Features

Downtown Berkeley

By Ralph Dranow
Friday December 21, 2007

“There are so many different worlds passing through this spot,” I think, standing on Shattuck Avenue and Center Street in downtown Berkeley in cool twilight. It’s a visual feast, a slightly surreal movie unfolding before my eyes.  

Inside the Washington Mutual Bank, workmen are perched on ladders, dabbing at walls with white paint. Next to the bank is Tully’s Coffee; in front of it, a man in a white T-shirt paces back and forth, frowning, while speaking into a cell phone, as if in the next minute he will have to make a life-altering decision. Inside Tully’s, some student types in neat sweaters are immersed in their own private little universes, gazing intently into the faces of laptop computers.  
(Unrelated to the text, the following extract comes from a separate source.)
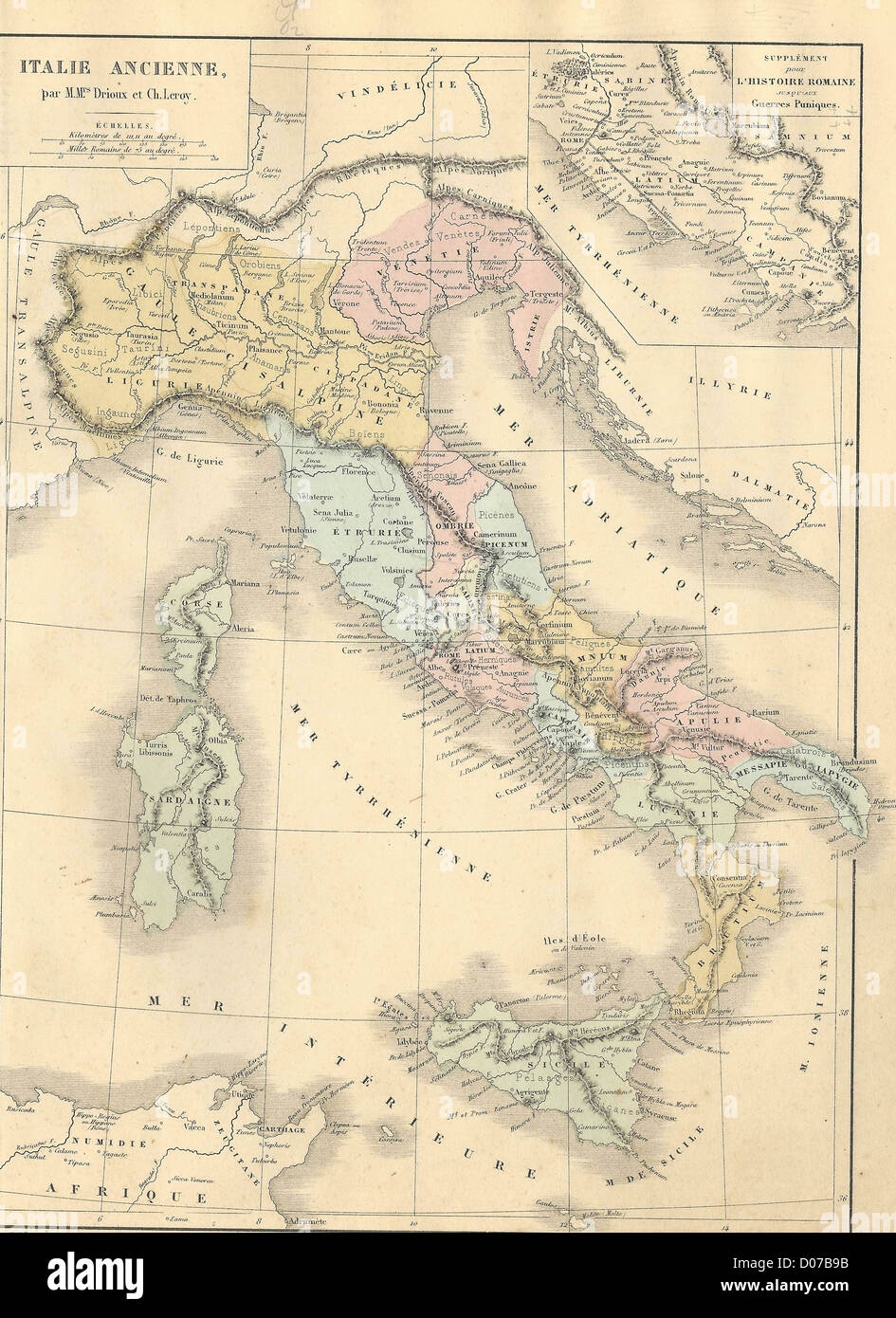 Italia storia 1869 atlas geografia antica antica mappa mappe Foto Stock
Meanwhile, outside, two men are having an animated conversation next to the BART station. Suddenly one of them, wearing a white T-shirt, blue jeans, and a New York Yankees cap turned backwards, begins, banging rhythmically on some newspaper vending machines and rapping in a fast, harsh cadence: “If you’re running with sharks, you better think like them.” He sounds almost professional, but no one pays any attention to him; it’s all just background noise. 

There’s an open manhole with chains around it in front of BART. An older woman walks over, peers down into it. By the BART entrance, a young, light-skinned black woman with blonde streaks in her hair is carrying a rainbow-colored skateboard and quietly asking for spare change. She doesn’t seem to be having much luck, but doesn’t look fazed. A casually dressed man and woman, probably in their early 60s, amble by, nibbling gelato, abstracted expressions on their faces. A middle-aged man in jogging gear trots by.  

Two neatly dressed men hurry past Tully’s, speaking rapidly in some African language. A sad-eyed woman, with the words “Boss, Clean City” on the back of her jacket, sweeps the street with brisk strokes.  

Then a man who looks like a circus performer appears. He’s dressed in a long black coat, feathered black hat, ruffled white shirt. Dreamily he saunters back and forth, carrying a guitar and talking into a cell phone. I’m waiting for him to perform, but he disappears as suddenly as he appeared.  

The image that stays with me the longest is this one: a few wooden benches arranged in rectangular fashion. Several homeless men slumped silently on the benches, packs like small glaciers beside them, their faces drained of any expression. They look as if they’ve been sitting there for days.  

The sights and sounds of Shattuck Avenue, on a mellow September evening, a movie that could go on and on and never get boring.